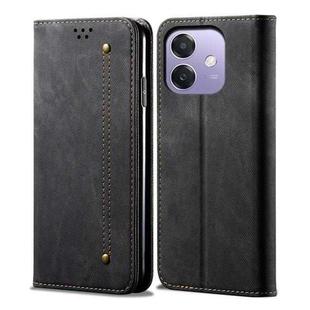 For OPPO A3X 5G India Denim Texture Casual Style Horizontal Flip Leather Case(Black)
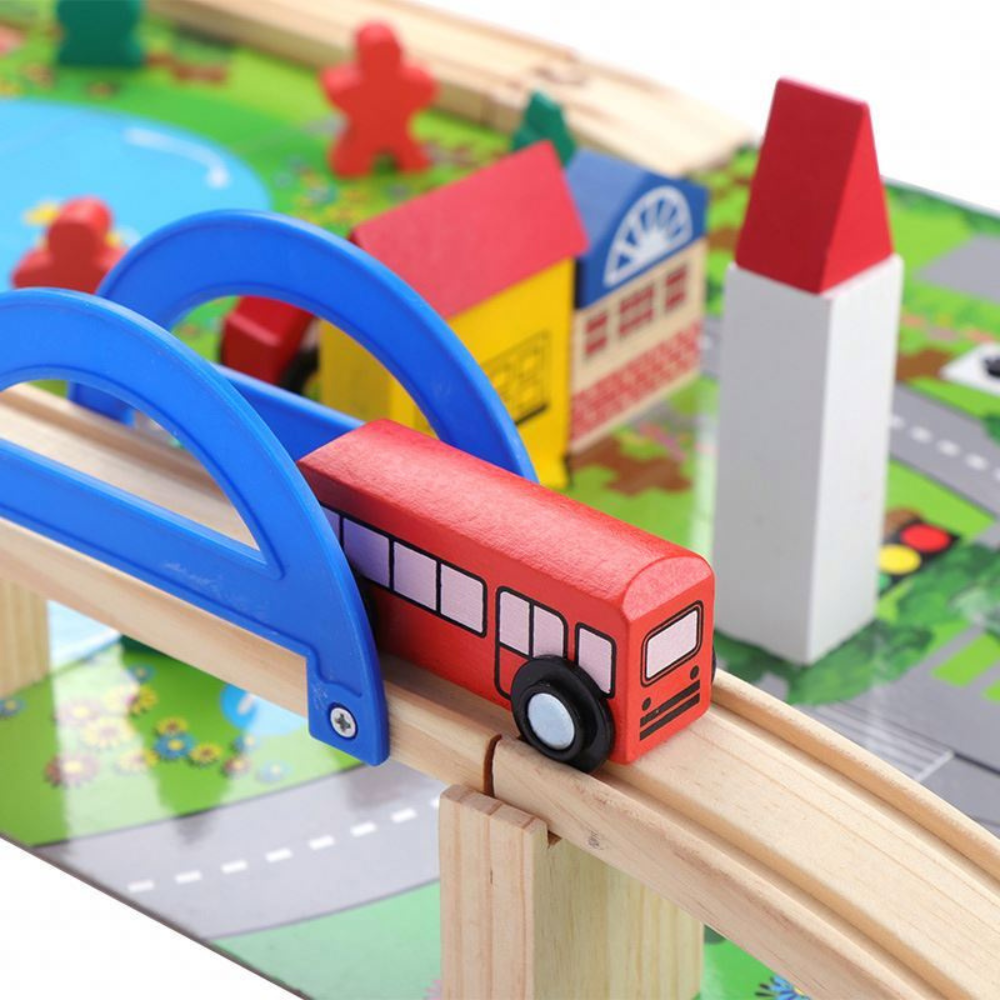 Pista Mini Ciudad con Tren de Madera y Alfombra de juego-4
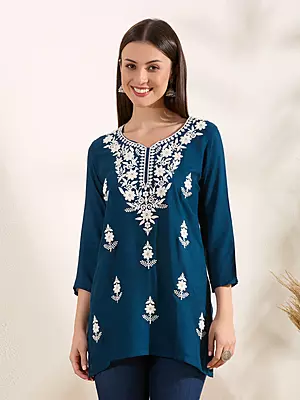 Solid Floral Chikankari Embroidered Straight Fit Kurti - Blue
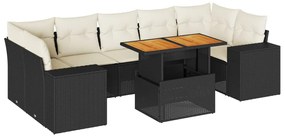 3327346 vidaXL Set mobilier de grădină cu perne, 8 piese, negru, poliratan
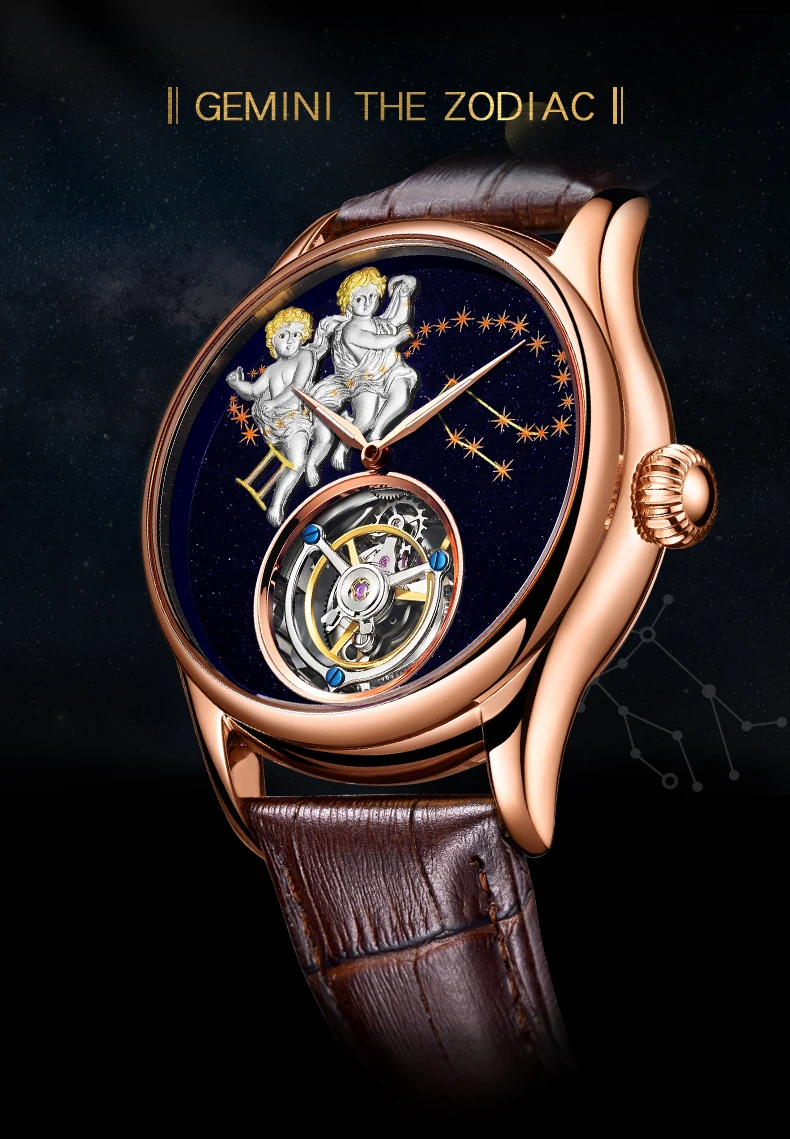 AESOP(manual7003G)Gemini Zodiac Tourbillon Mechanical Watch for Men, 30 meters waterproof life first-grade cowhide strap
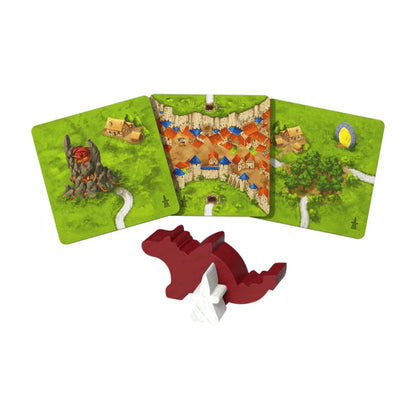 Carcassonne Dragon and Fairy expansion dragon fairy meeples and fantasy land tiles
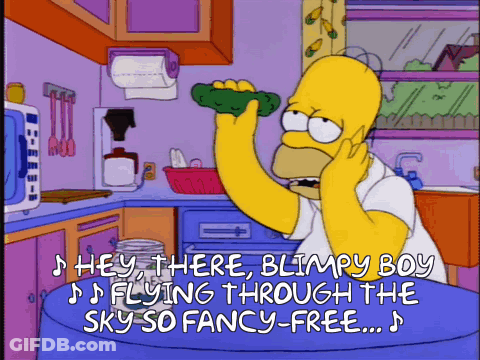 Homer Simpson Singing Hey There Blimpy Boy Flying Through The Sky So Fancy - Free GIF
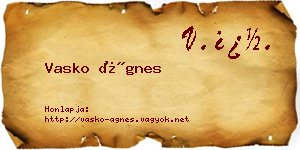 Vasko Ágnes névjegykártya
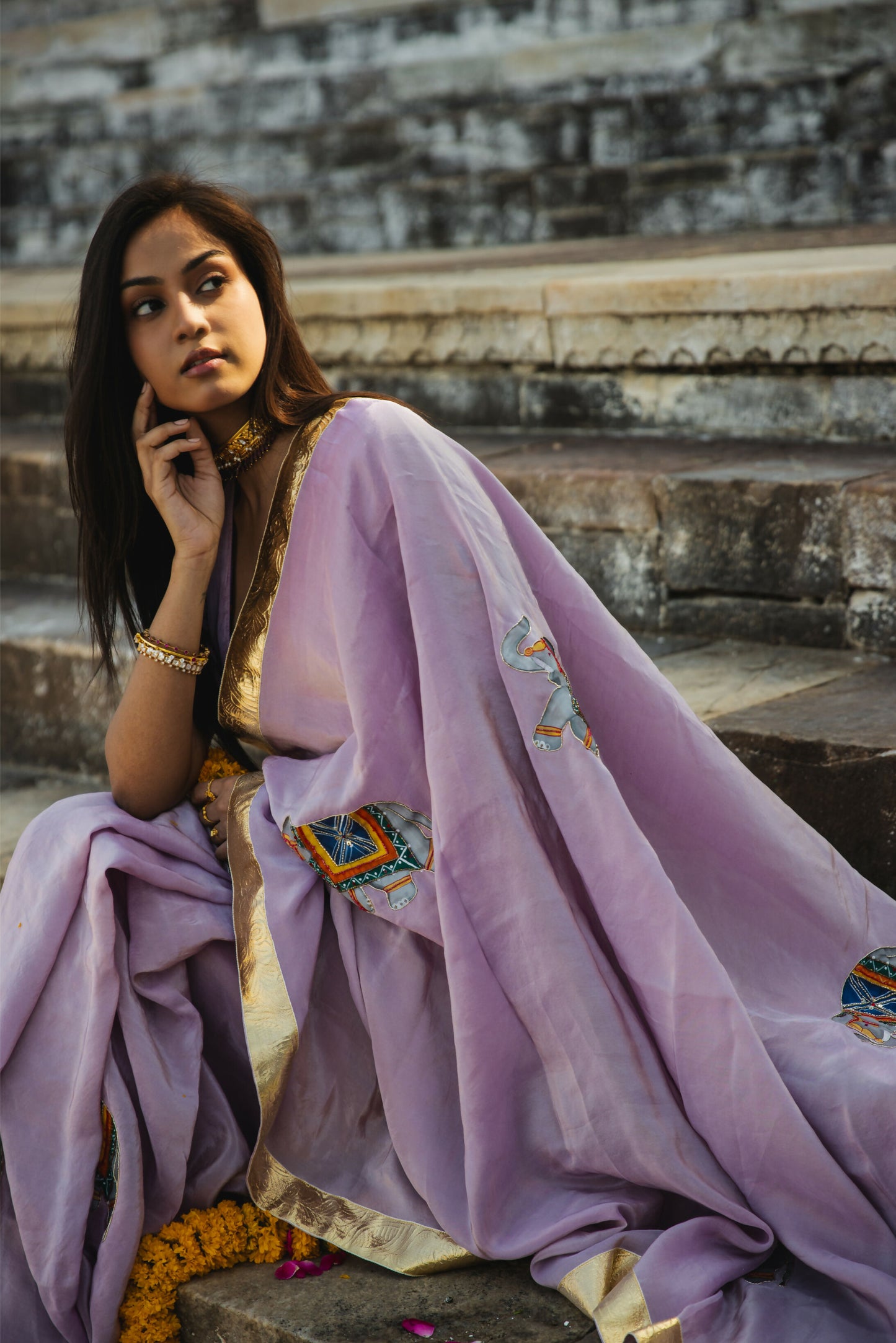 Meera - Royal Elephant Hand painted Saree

==================================================

#### [Problem to solve]
Look back at the data above, then output exactly the lines from the line holding "Solid Floral Chikankari" up to and including the line holding "Carcassonne Dragon and". Leave out the pictures.

#### [Response for this exercise]
 Solid Floral Chikankari Embroidered Straight Fit Kurti - Blue
 3327346 vidaXL Set mobilier de grădină cu perne, 8 piese, negru, poliratan
 AESOP(manual7003G)Gemini Zodiac Tourbillon Mechanical Watch for Men, 30 meters waterproof life first-grade cowhide strap
 Carcassonne Dragon and Fairy expansion dragon fairy meeples and fantasy land tiles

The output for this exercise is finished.